Posted on 04/06/2005 11:05:38 PM PDT by Brian328i

Michael Crichton has written that rarest of books, an ­intellectually dishonest novel. Crichton has made a fortune exploiting the public’s fears: Prey (fear of nanotechnology), Rising Sun (fear of Japanese technological supremacy), and Jurassic Park (fear of biotechnology). These books attack the hubris of those who use technology without wisdom. In Prey, he warns, “The total system we call the biosphere is so complicated that we cannot know in advance the consequences of anything that we do.” Given the author’s past, one might expect that a Crichton book on global warming would warn about the risk of catastrophic climate change—the unintended consequences of ­humanity’s reckless, irreversible experiment on the biosphere.

But State of Fear takes the reverse view. Crichton argues that the environmental and scientific communities have fabricated the threat. He wants readers to fear those who argue that climate change is real, caused by human technologies, and dangerous. In the novel, a mainstream environmental group plots to create extreme weather events that will cause the deaths of thousands of people in order to trick the public into accepting global warming as truth. They try to create a killer seismic tsunami timed to coincide with a conference on abrupt climate change. That’s a major mistake by Crichton: seismic tsunamis aren’t caused by global warming, as any climate scientist, even an evil one, knows.

Because the evidence for–and scientific consensus on–the human causes of climate change is now so strong, Crichton cannot make his case simply on the evidence. Instead, he must distort the facts and accuse the scientific community of bad faith in order to make his case. And he does so, repeatedly.

Crichton portrays environmentalists as uninformed, hypocritical, or simply evil. He creates a scientist-hero, John Kenner, to save the day. (For added credibility, Kenner is an MIT professor—though he sounds more like Rush Limbaugh than any MIT faculty member I’ve met.) Speaking through Kenner, Crichton makes a faulty case against the environmentalists. Kenner says, for instance, that a real NASA climatologist, James Hansen, has been discredited for overestimating the impact of global warming “by three hundred percent” during 1988 testimony in Congress. In fact, Hansen’s prediction was very close to accurate. The smear Crichton cites was created 10 years later, when global-warming skeptic Patrick Michaels misrepresented the testimony.

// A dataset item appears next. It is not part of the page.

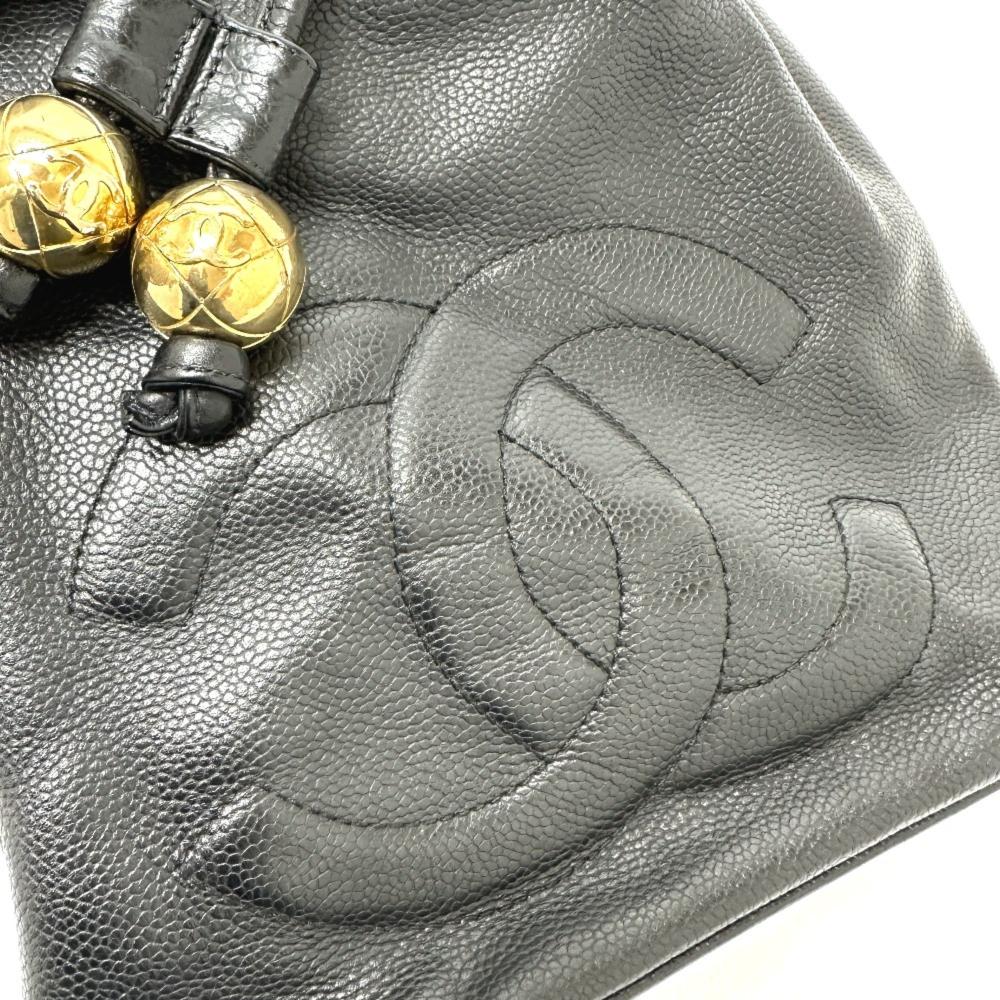 Black Leather Chanel Shoulder Bag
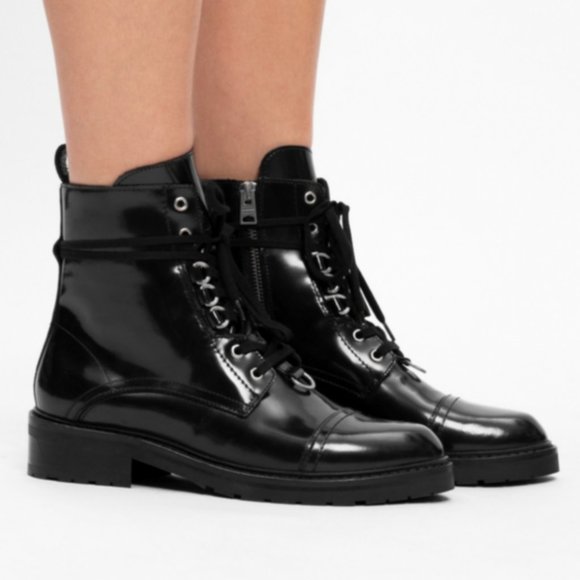 AllSaints Black Women's Leather Lira Hiker Black Boots Size 38 EU 8 US - Picture 1 of 9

Crichton also strains to discredit global-warming fears by presenting them as faddish. He has one environmentalist say (incorrectly), “in the 1970s, all the climate scientists believed an ice age was coming.” Global warming did level off between 1940 and 1975. We now know that this was largely a result of dust and aerosols sent by humans into the atmosphere that temporarily overwhelmed the warming effect from greenhouse gases. In the 1970s, it was not yet clear whether the cooling effect from aerosols would be greater than the heating produced from greenhouse gases. Now we know: the heating wins. This episode, fairly explained, would give readers greater confidence in our understanding of climate science, not less.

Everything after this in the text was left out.